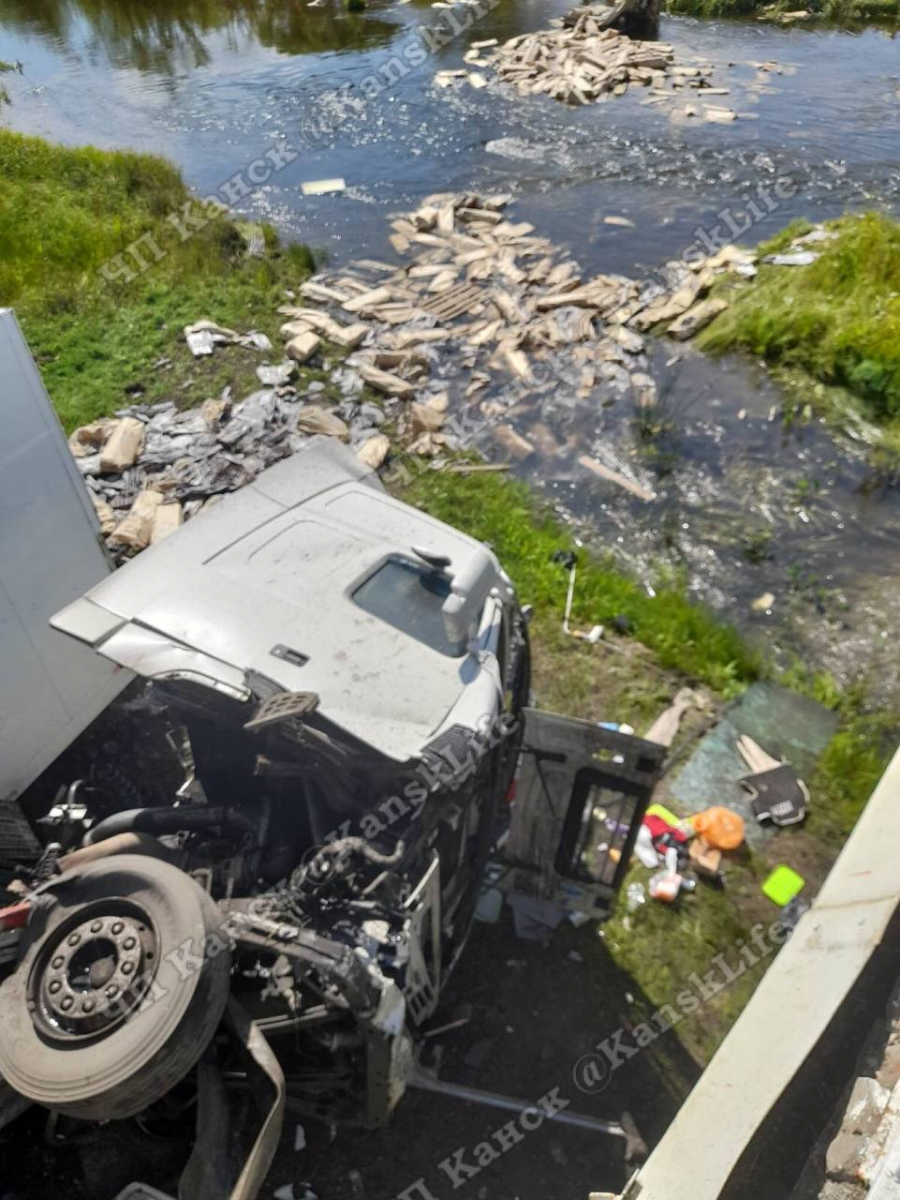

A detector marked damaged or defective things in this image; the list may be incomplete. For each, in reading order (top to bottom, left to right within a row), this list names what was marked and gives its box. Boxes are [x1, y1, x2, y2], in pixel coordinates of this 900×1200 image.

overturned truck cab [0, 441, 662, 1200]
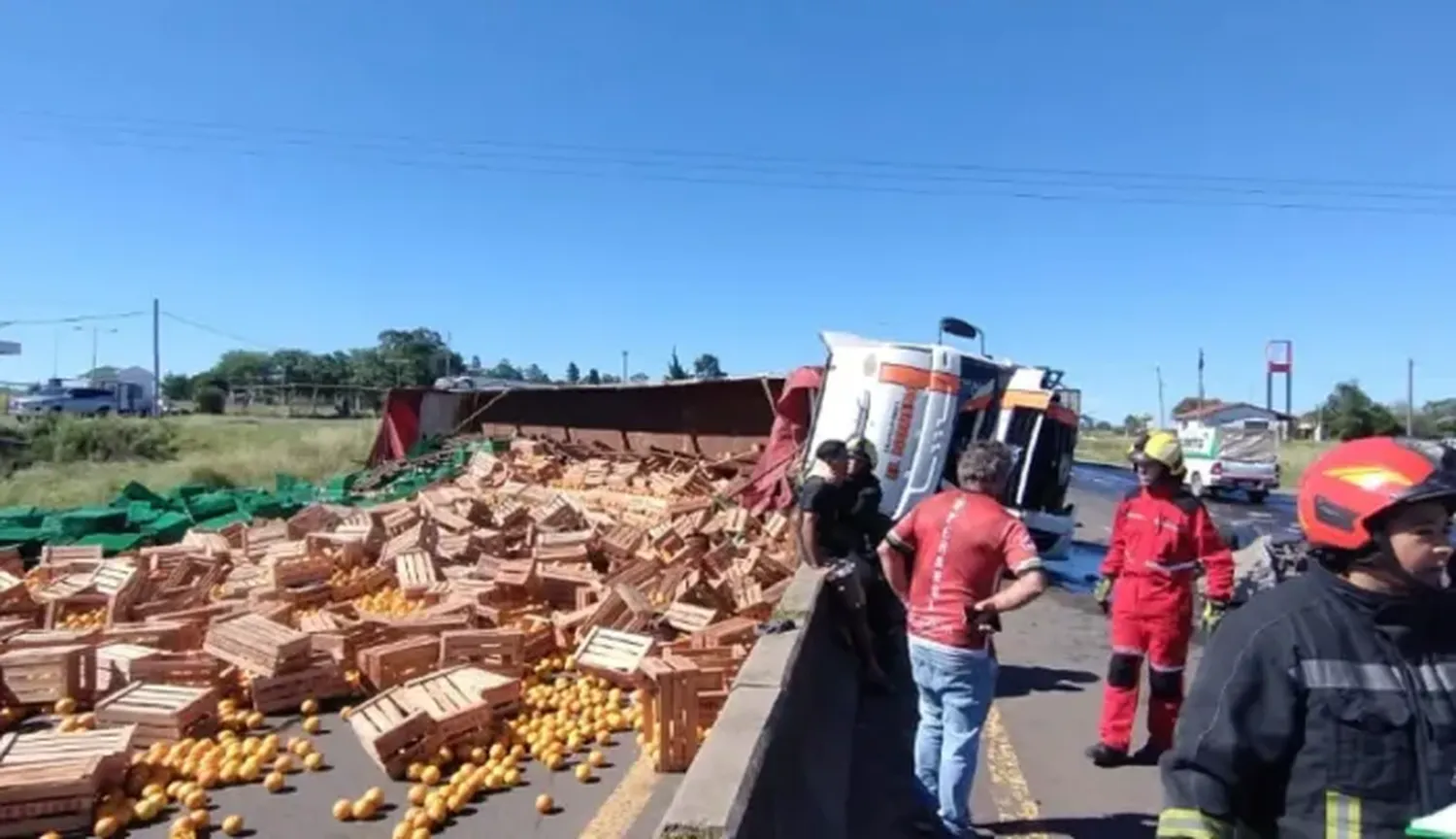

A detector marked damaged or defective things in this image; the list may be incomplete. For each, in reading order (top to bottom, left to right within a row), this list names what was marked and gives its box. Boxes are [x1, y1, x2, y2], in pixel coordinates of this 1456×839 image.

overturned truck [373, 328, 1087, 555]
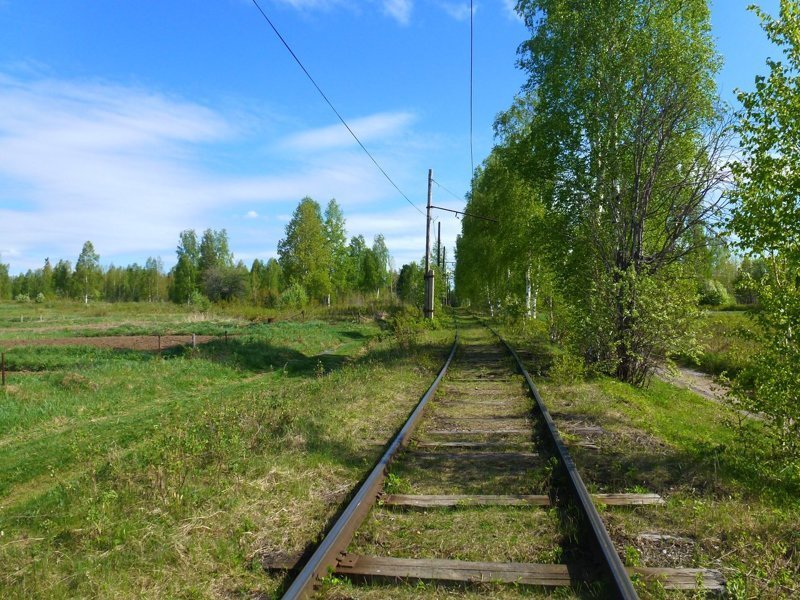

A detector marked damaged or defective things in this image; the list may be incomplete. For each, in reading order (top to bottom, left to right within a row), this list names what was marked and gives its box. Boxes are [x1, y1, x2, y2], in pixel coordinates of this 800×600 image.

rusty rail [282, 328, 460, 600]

■ ■ ■ ■ ■ ■ ■

Copy all records exactly, no images.

A detector marked damaged or defective things in this image; the list may be incomplete. For each, in reading order (top to bottom, left to right within a row), this list names what was marked and gives its box. Boxes are [x1, y1, x2, y2], in pixel coordinates of this 900×1200 image.

overturned truck cab [0, 441, 662, 1200]

A detector marked damaged or defective things in this image; the list may be incomplete. For each, in reading order (top to bottom, left to right within a row), this list names what was marked and gives its box. Boxes are [x1, y1, x2, y2], in pixel coordinates of this 1456×839 image.

overturned truck [373, 328, 1087, 555]

A detector marked damaged or defective things in this image; the list may be incomplete. For each, in reading order (top to bottom, left to right within a row), this list names what was marked and gives its box. Boxes are [x1, y1, x2, y2], in pixel coordinates of this 800×600 image.

rusty rail [282, 328, 460, 600]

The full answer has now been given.